SUMMARY OF THE INVENTION
Accordingly, an essential object of the present invention is to provide an improved edge rounding machine which eliminates the above described disadvantages inherent in conventional edge rounding machines of this kind.
In order to accomplish this object of the present invention, an edge rounding machine according to the present invention, in a first aspect of the present invention, employs as a grinding device a cylindrical rotary member having, at its outer periphery, cutting edges, e.g., a cylindrical grinding wheel or a grinding tape unit constituted by a rotating drum and a grinding tape wound around the rotating drum.
In a second aspect of the present invention, the edge rounding machine includes a holder for holding a workpiece. The workpiece is held by the holder such that a machining face of the workpiece is angularly brought into contact, at its outer edge portion, with a grinding face of the cylindrical rotary member or a curved grinding face of the grinding tape whose inner face is supported by the rotating drum.
In a third aspect of the present invention, the edge rounding machine includes a rotary device for rotating the holder so as to rotate the workpiece about its rotary centerline perpendicular to the machining face of the workpiece, a pivotal means for pivoting the holder in a plane which not only contains the rotary centerline of the workpiece but is parallel to a rotary axis of the cylindrical rotary member, a support member for retractably guiding the holder along the rotary centerline of the workpiece, and an urging means for urging the holder towards the grinding face so as to hold the outer edge portion of the machining face of the workpiece in contact with the grinding face at all times. The edge rounding machine of the present invention is fundamentally arranged to perform edge rounding of the workpiece on the rigid cylinder as described above. Thus, it becomes possible to determine the profile of the curved surface of the edge-rounded portion of the workpiece and machining accuracy of the workpiece on the basis of geometrical positional relation between the grinding device and the workpiece. Consequently, in accordance with the present invention, it is possible to obtain a finished product of stable quality having an oblique curved surface machined with high precision in contrast with the prior art edge rounding machines based on elastic deformation of the elastic sheet referred to earlier.

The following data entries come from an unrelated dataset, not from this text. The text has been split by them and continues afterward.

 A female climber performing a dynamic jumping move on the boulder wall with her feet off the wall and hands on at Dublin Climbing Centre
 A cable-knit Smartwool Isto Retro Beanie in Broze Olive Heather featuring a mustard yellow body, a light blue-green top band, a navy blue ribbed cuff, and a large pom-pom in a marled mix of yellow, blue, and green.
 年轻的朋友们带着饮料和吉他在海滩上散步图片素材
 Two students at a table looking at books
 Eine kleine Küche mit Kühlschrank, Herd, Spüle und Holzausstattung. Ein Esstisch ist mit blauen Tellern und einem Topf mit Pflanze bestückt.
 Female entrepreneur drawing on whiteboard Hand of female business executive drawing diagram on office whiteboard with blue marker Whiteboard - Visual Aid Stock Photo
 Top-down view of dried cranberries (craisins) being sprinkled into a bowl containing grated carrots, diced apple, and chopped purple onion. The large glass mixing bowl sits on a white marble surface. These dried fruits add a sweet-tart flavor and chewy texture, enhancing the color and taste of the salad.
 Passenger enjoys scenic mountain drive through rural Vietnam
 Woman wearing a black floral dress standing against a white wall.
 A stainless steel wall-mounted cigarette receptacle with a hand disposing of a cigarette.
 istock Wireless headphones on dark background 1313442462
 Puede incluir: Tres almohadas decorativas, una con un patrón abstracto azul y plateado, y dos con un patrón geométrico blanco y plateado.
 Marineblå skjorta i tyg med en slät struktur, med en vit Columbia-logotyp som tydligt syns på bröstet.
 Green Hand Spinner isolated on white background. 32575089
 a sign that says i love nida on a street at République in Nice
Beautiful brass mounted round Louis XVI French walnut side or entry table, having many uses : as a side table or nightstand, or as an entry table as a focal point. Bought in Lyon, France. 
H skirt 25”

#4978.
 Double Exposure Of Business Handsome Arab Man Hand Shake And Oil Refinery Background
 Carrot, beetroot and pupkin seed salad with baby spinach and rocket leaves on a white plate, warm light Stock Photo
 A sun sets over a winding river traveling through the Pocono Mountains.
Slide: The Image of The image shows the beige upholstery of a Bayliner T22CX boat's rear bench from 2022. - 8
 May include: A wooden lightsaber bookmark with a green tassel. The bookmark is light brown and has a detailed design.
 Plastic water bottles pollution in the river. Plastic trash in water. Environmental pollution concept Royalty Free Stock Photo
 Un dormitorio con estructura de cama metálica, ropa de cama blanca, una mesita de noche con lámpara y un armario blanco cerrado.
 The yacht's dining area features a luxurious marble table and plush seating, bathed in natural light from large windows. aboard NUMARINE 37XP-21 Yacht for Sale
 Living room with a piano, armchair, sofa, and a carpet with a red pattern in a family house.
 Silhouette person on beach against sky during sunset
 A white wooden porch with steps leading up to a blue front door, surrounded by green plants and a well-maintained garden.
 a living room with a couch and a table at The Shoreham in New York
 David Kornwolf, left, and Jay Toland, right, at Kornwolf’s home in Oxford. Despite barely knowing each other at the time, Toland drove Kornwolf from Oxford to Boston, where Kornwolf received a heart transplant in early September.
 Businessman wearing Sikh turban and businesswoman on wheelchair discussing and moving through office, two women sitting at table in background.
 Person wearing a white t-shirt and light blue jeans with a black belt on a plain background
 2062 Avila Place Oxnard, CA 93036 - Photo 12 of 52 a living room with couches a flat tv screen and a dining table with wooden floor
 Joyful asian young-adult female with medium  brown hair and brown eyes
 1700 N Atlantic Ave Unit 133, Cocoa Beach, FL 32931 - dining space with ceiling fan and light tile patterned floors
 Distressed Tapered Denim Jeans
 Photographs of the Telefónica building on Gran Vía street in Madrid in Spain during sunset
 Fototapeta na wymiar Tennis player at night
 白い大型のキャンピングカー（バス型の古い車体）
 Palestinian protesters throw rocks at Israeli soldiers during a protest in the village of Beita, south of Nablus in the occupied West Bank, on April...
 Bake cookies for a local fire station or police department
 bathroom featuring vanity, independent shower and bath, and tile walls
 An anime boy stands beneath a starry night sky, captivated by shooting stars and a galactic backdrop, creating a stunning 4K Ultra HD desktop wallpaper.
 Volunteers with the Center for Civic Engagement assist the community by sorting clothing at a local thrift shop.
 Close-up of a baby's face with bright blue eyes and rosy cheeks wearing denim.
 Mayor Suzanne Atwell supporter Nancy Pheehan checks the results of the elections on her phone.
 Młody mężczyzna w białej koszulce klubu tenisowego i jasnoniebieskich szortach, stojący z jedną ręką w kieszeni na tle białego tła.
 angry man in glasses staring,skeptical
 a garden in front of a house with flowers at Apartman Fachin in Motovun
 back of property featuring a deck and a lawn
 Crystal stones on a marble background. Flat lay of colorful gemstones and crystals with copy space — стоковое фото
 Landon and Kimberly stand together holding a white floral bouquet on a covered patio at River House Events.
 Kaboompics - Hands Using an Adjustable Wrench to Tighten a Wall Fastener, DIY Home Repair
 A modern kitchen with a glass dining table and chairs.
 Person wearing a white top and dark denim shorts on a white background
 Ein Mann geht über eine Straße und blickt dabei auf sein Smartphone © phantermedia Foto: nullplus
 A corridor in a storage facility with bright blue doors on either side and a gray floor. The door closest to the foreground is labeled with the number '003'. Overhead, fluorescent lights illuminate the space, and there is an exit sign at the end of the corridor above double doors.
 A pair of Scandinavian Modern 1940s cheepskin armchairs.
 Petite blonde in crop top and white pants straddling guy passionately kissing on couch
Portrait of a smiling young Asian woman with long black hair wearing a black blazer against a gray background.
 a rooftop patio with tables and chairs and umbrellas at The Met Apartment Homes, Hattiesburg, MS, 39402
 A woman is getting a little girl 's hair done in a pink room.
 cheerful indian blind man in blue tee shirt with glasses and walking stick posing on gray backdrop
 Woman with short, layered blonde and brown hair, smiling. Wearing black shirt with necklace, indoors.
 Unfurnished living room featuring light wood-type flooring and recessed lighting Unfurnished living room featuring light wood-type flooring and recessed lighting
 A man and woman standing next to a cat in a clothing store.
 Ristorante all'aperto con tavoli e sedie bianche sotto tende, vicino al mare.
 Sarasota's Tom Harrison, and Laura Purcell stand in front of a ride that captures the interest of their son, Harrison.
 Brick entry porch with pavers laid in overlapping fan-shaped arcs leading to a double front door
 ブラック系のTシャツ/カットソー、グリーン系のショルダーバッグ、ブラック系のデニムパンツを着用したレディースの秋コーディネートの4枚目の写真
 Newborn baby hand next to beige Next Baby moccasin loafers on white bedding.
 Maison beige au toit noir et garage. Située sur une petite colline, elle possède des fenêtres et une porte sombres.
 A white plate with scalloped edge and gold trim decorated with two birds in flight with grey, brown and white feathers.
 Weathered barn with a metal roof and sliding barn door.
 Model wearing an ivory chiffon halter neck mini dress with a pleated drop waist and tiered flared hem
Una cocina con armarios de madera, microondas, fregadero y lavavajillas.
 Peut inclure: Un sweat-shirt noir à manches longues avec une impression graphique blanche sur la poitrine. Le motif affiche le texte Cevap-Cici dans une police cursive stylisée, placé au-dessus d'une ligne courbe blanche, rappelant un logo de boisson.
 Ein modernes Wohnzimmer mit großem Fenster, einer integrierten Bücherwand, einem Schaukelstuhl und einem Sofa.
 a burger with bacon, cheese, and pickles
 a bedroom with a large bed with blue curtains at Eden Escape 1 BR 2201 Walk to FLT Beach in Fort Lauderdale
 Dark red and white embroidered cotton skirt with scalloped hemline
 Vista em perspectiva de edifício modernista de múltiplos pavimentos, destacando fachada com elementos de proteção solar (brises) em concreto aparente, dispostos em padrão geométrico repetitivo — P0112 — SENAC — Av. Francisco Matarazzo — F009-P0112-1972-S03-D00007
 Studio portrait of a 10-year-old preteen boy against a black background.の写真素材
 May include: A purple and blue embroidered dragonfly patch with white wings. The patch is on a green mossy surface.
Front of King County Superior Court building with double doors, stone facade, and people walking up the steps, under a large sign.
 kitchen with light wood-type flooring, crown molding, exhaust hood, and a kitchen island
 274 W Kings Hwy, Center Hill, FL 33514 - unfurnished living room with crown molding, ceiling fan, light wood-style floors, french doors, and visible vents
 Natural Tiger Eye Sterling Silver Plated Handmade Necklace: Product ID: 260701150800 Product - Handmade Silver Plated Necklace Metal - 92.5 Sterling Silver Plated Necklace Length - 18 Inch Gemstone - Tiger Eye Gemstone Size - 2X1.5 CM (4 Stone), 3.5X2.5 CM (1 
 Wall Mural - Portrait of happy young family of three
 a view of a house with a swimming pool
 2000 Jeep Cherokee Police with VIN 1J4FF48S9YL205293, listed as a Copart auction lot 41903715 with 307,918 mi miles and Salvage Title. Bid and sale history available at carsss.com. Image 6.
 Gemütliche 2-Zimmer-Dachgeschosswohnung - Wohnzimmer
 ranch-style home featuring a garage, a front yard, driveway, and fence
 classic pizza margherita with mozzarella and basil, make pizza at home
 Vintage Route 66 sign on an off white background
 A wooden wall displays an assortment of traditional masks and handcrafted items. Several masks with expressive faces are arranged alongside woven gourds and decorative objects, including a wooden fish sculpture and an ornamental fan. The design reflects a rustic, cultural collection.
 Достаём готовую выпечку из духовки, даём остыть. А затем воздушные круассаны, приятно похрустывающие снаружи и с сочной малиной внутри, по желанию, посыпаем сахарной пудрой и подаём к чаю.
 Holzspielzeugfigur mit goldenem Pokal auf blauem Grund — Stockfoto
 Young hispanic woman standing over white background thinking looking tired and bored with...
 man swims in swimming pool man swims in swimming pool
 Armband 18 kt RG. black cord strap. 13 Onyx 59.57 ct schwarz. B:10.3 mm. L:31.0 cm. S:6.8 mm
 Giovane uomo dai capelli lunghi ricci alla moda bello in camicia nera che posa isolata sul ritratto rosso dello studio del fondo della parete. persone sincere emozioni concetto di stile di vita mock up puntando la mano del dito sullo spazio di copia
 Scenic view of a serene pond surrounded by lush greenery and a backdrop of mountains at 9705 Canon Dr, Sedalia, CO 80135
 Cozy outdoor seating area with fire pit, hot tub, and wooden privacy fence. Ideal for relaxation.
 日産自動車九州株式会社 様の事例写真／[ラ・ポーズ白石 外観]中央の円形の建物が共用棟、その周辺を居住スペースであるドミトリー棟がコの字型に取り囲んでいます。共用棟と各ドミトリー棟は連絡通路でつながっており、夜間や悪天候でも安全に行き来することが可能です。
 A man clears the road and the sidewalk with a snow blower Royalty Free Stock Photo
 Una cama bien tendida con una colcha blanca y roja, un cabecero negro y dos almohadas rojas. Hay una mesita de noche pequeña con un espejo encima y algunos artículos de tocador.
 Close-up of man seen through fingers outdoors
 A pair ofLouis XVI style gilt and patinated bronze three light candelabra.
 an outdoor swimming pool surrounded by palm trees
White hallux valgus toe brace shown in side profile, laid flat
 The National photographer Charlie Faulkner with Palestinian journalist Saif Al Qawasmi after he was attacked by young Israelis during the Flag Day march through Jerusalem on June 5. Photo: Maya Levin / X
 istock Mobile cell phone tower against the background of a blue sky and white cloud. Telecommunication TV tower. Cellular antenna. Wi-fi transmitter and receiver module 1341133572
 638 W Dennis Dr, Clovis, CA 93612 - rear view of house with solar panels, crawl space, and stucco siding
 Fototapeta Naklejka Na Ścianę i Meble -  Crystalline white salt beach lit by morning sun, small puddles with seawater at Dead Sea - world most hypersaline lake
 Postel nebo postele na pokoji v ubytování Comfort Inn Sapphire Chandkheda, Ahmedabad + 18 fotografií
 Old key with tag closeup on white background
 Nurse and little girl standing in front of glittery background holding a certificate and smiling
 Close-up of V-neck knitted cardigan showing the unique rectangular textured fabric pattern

BRIEF DESCRIPTION OF THE DRAWINGS
The objects and features of the present invention will become apparent from the following description taken in conjunction with the preferred embodiments thereof with reference to the accompanying drawings, in which:
FIG. 1 is a perspective view of a floppy disk head as one example of a workpiece to which the present invention may be applied (already referred to);
FIG. 2 is a side elevational view of a prior art edge rounding machine (already referred to);
FIG. 3a is an enlarged fragmentary front elevational view of the prior art edge rounding machine of FIG. 2 (already referred to);
FIG. 3b is a top plan view of the floppy disk head of FIG. 1 machined by the prior art edge rounding machine of FIG. 2;
FIG. 4 is a side elevational view of an edge rounding machine according to a first embodiment of the present invention;
FIG. 5 is a top plan view of the edge rounding machine of FIG. 4;
FIG. 6 is a rear elevational view of the edge rounding machine of FIG. 4;
FIG. 7 is a fragmentary front elevational view of the edge rounding machine of FIG. 4;
FIG. 8 is an enlarged fragmentary front elevational view partly in section of the edge rounding machine of FIG. 4;
FIG. 9 is a side elevational view of a grinding wheel employed in the edge rounding machine of FIG. 4;
FIG. 10 is a front elevational view of the grinding wheel of FIG. 9;
FIG. 11 is a view similar to FIG. 7, particularly showing a second embodiment of the present invention;
FIG. 12 is a graph indicative of a profile of an edge-rounded portion of the workpiece machined by the edge rounding machine of the present invention;
FIG. 13 is a graph indicative of surface roughness of the edge-rounded portion of FIG. 12;
FIGS. 14 and 15 are views similar to FIGS. 9 and 10, respectively, particularly showing a third embodiment of the present invention; and
FIGS. 16, 17 and 18 are views similar to FIGS. 4, 5 and 7, respectively, particularly showing a fourth embodiment of the present invention.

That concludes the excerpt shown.